## YOUR OBJECTIVE
The lines below, from the one holding "Age 4 Shark Magnet Card" through the one holding "925 Silver, 10K/14K/18K", are to be restated word for word, with all images left out.

## DATA EXCERPTS
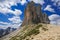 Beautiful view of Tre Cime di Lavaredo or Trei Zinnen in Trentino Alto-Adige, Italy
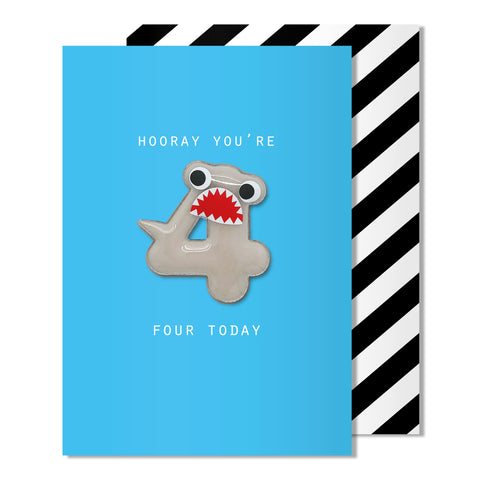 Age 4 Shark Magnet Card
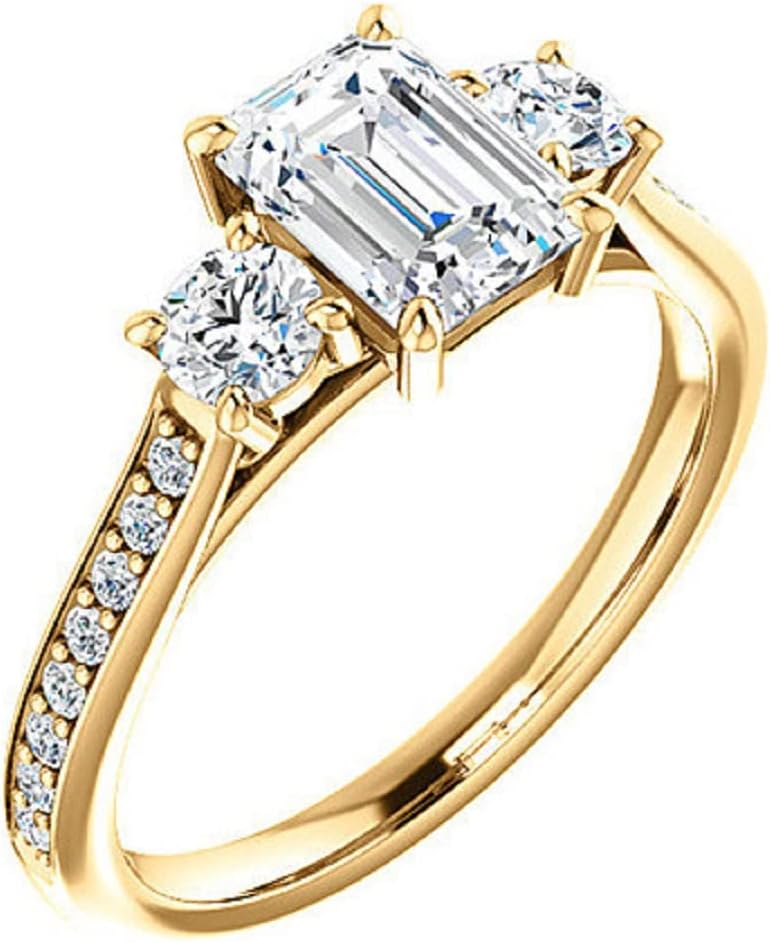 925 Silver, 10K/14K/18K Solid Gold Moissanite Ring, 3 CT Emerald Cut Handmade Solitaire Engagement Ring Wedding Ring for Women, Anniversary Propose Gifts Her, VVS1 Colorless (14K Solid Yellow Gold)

* * *

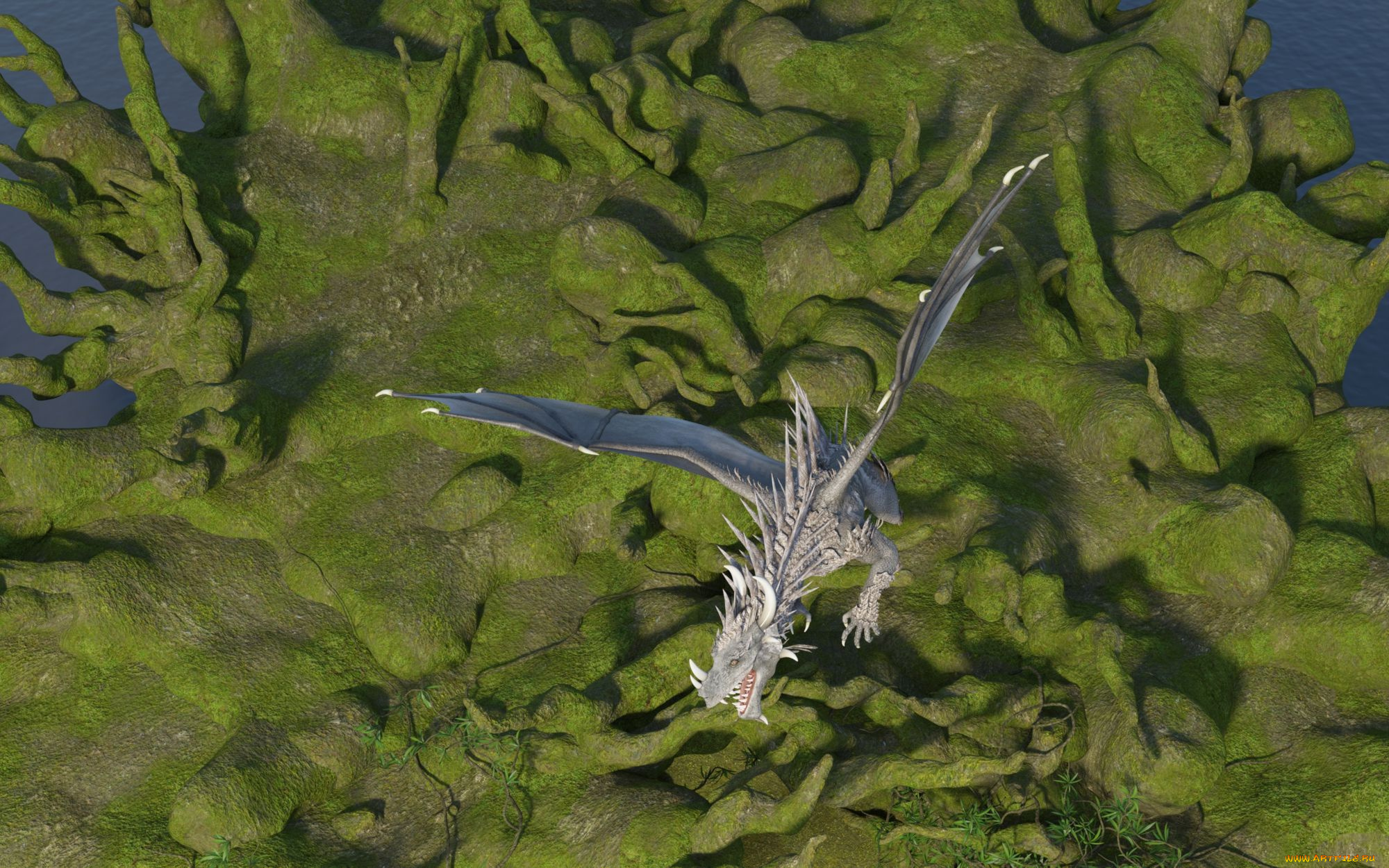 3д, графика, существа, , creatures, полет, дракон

==

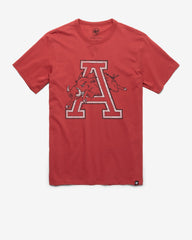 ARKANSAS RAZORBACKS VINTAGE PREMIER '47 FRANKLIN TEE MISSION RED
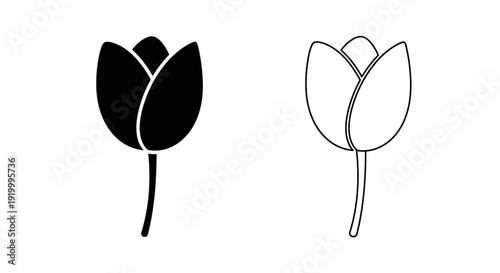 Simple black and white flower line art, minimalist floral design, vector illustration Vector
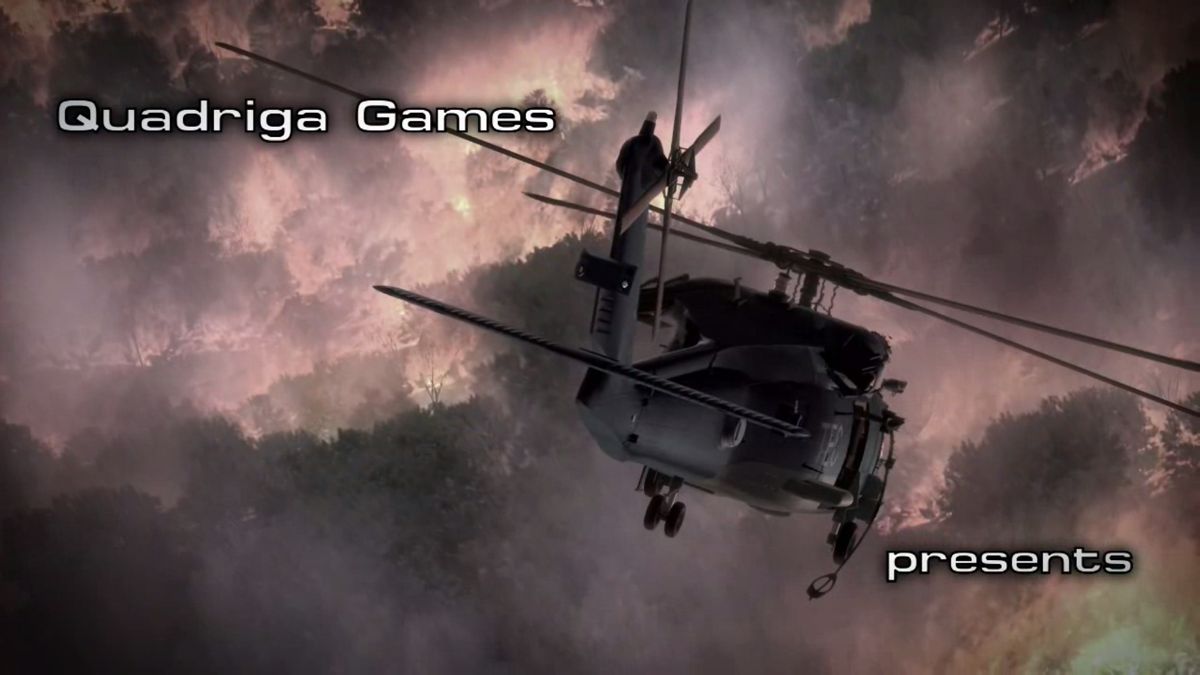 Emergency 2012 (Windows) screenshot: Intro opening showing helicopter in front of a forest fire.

## RESULT OF THIS TASK
 Age 4 Shark Magnet Card
 925 Silver, 10K/14K/18K Solid Gold Moissanite Ring, 3 CT Emerald Cut Handmade Solitaire Engagement Ring Wedding Ring for Women, Anniversary Propose Gifts Her, VVS1 Colorless (14K Solid Yellow Gold)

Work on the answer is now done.